# [TASK OBJECTIVE]
Using only the entries below, copy exactly the lines that begin at the one with "4855 Camellia Street Springfield OR 97478" and end at the one with "La Tahona De Perales", both included. Drop the pictures.

# [DATASET RECORDS]
▬▬▬

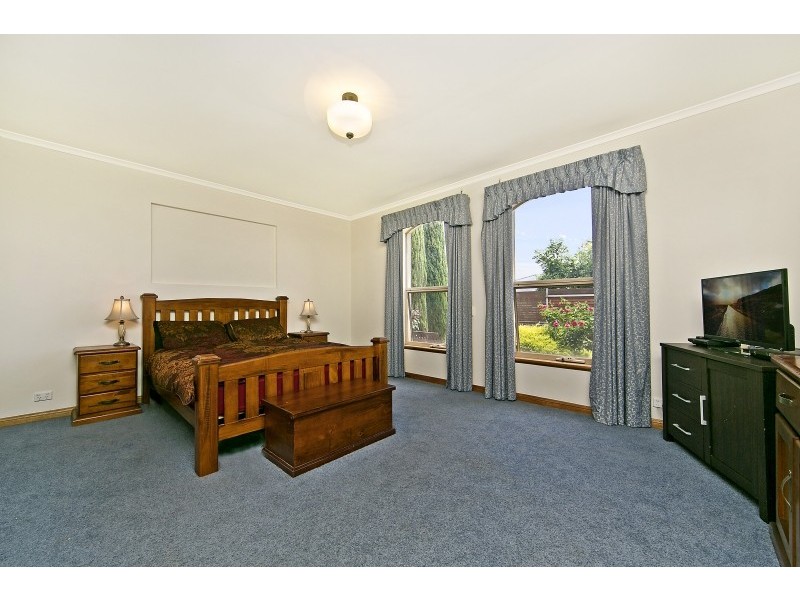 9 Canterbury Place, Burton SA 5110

▬▬▬

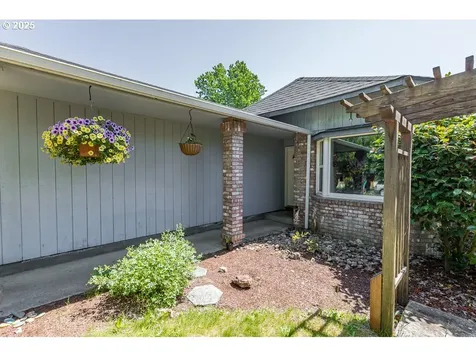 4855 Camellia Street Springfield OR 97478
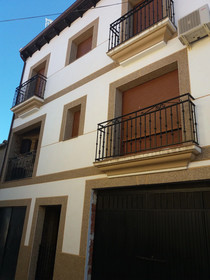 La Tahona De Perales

▬▬▬

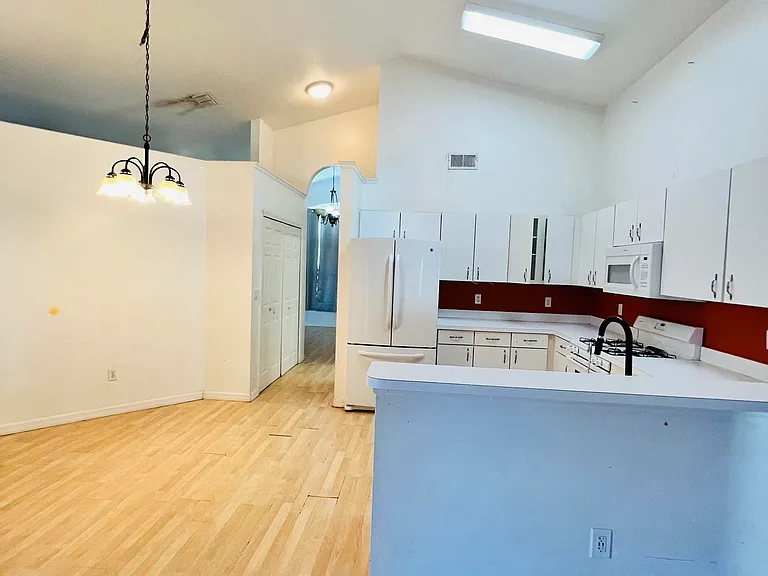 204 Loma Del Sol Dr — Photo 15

▬▬▬

# [EXERCISE OUTPUT]
 4855 Camellia Street Springfield OR 97478
 La Tahona De Perales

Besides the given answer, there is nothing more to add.